= Stoeni =

Ligurian tribe

The Stoeni (also Stoni or Styni) were a Ligurian tribe living near Lake Garda during the Iron Age.

== Name ==
They are mentioned as Styni by Livy (late 1st c. BC), as Stoni by Strabo (early 1st c. AD), and as Stoeni by Pliny (1st c. AD) and on the Fasti Triumphales Capitolini (early 2nd c. BC).

On the Fasti Triumphales Capitolini (117 BC), they are described as Ligurian Stoeni, whereas Orosius designates them as Gauls.

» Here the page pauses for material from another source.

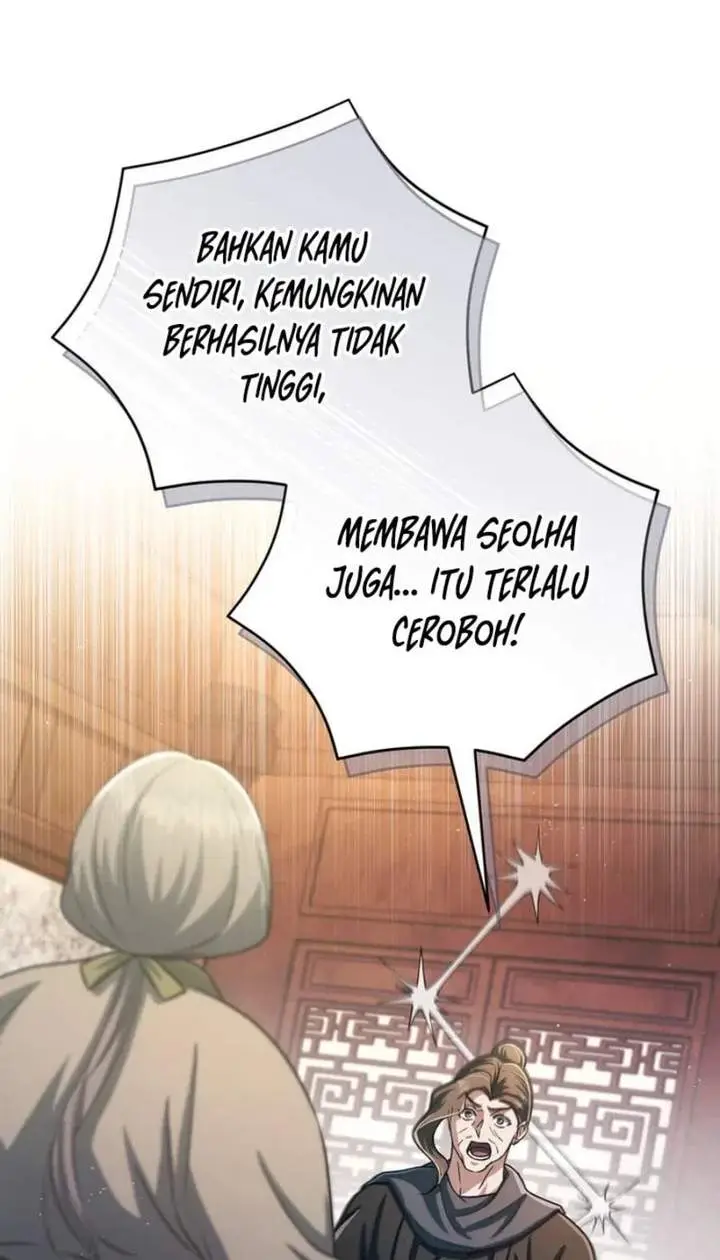 image-komik-the-heavenly-demon-cults-strongest-maid-chapter-31-40/116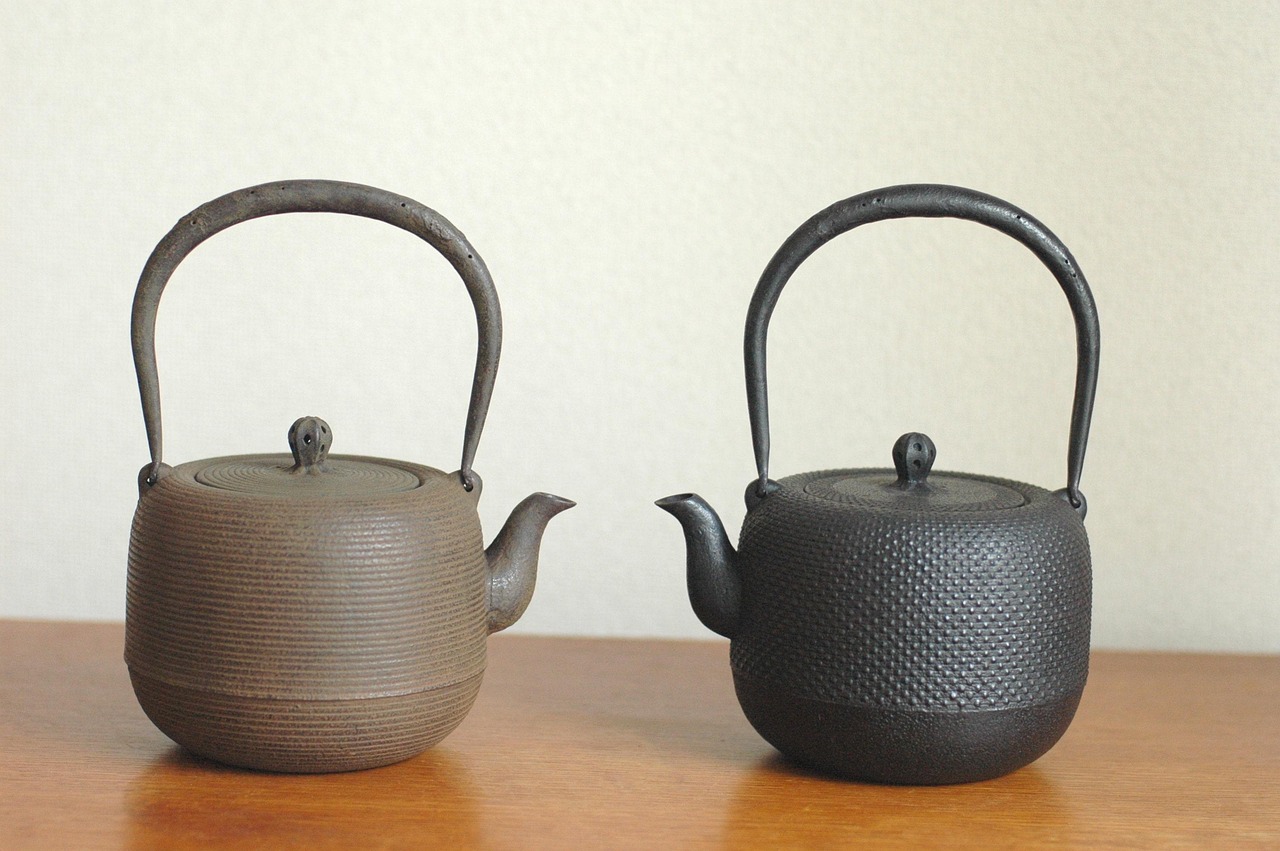 iron kettle craftsman japanese culture established iron kettle iron kettle iron kettle iron kettle iron kettle craftsman japanese culture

F. Rubat Borel has proposed to identify them with the Soti (which he emends to Sotani) mentioned by Pliny. According to him, this would place them within a series of wars fought in the Rhône valley and the western Alps beginning in 123 BC.

== Geography ==
The Stoeni lived in the Sarca valley, a tributary of Lake Garda (east of modern Milan).

Their chief town was Stouinos, mentioned around 100 BC by Artemidorus (cited by Stephanus of Byzantium).

== History ==
They were defeated by the Roman forces led by Q. Marcius Rex (consul in 118 BC), who celebrated a triumph for it in 117 BC. The sources do not explain the reasons for the campaign, which appears to have been a punitive expedition, likely in response to raids into the lowlands near Brixia or Verona. The delayed triumph in 117 BC suggests prolonged operations, although Orosius claims there were no battles, as the Stoeni allegedly committed mass suicide with their wives and children when surrounded. Scholar Cesare Letta notes that the campaign was not intended to secure control of the Resia Pass.